ACTIVITY =
Start at the first line of the material below and retype each line through the one containing "Easy D. |VGEN| COMMS CLOSED's banner", exactly.

::::::

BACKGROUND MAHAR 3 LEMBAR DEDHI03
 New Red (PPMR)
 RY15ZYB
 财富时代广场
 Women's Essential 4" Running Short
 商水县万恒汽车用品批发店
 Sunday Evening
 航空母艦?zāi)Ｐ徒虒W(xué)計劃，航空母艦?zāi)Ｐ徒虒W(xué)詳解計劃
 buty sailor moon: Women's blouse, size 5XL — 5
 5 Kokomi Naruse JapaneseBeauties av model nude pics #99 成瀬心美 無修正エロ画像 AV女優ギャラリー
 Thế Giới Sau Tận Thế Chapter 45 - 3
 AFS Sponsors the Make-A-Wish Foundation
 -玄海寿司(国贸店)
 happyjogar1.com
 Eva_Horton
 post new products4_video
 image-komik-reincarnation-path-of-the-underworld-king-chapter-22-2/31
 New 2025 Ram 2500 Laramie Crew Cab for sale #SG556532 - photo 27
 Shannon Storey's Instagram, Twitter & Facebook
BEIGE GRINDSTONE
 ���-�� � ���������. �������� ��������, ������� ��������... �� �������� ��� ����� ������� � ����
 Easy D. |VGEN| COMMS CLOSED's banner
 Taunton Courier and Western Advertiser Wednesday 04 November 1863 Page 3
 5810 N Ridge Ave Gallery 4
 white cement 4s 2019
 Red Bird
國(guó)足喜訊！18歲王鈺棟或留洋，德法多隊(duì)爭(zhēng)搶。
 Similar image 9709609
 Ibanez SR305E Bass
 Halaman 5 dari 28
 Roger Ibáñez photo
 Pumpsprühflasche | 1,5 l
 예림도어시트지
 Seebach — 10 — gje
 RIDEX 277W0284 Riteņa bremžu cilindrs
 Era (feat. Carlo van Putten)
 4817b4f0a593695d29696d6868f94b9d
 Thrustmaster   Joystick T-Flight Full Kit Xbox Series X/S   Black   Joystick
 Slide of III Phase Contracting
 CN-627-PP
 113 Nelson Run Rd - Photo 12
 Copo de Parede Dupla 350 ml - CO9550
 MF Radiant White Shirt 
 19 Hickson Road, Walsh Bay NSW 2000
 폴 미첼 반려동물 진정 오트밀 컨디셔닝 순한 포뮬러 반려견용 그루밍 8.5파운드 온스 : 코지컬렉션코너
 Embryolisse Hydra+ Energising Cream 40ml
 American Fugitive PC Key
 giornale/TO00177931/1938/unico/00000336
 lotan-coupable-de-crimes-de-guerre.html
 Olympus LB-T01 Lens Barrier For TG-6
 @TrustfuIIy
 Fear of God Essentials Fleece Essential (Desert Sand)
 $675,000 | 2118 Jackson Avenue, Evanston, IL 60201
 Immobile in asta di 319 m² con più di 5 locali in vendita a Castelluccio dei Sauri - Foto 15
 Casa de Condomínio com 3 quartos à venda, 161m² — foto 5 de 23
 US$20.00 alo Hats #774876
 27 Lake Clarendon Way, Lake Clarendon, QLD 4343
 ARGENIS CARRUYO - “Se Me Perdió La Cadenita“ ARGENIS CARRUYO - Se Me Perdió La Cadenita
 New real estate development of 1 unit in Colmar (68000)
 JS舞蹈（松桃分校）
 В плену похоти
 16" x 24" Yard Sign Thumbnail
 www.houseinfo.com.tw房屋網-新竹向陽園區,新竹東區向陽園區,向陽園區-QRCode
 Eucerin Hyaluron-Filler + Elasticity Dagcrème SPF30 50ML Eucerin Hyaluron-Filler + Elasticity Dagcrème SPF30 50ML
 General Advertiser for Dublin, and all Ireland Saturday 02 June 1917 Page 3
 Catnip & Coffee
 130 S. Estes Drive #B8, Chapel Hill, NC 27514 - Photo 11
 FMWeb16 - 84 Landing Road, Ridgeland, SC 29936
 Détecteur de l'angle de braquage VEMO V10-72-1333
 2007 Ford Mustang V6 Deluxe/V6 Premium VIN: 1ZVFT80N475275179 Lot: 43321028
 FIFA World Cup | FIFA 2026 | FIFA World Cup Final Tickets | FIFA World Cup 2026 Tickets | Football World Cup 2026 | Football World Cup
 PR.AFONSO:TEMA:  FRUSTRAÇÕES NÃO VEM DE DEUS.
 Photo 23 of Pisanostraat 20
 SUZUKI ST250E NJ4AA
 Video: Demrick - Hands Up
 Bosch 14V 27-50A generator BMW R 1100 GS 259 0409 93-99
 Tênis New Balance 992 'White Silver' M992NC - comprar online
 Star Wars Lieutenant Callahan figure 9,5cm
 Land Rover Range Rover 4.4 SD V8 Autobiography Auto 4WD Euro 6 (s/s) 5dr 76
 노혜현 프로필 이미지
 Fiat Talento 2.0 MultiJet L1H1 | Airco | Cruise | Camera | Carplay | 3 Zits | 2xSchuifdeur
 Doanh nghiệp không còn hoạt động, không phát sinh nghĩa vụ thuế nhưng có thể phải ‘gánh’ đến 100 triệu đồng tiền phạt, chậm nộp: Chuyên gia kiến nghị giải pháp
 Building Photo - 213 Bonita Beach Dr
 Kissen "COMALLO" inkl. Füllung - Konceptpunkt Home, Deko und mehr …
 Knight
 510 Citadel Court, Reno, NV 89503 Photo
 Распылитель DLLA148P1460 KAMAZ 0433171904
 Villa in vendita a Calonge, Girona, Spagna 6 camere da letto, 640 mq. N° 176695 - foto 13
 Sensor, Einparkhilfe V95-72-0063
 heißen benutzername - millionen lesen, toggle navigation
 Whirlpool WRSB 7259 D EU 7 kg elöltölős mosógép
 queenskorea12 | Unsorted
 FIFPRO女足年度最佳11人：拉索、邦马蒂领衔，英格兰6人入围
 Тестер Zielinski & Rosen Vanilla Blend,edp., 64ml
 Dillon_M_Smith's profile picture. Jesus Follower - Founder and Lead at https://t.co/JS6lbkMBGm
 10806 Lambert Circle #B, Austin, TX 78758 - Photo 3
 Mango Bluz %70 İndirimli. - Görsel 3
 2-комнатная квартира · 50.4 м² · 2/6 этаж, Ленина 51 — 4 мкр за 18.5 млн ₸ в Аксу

::::::

RESPONSE =
BACKGROUND MAHAR 3 LEMBAR DEDHI03
 New Red (PPMR)
 RY15ZYB
 财富时代广场
 Women's Essential 4" Running Short
 商水县万恒汽车用品批发店
 Sunday Evening
 航空母艦?zāi)Ｐ徒虒W(xué)計劃，航空母艦?zāi)Ｐ徒虒W(xué)詳解計劃
 buty sailor moon: Women's blouse, size 5XL — 5
 5 Kokomi Naruse JapaneseBeauties av model nude pics #99 成瀬心美 無修正エロ画像 AV女優ギャラリー
 Thế Giới Sau Tận Thế Chapter 45 - 3
 AFS Sponsors the Make-A-Wish Foundation
 -玄海寿司(国贸店)
 happyjogar1.com
 Eva_Horton
 post new products4_video
 image-komik-reincarnation-path-of-the-underworld-king-chapter-22-2/31
 New 2025 Ram 2500 Laramie Crew Cab for sale #SG556532 - photo 27
 Shannon Storey's Instagram, Twitter & Facebook
BEIGE GRINDSTONE
 ���-�� � ���������. �������� ��������, ������� ��������... �� �������� ��� ����� ������� � ����
 Easy D. |VGEN| COMMS CLOSED's banner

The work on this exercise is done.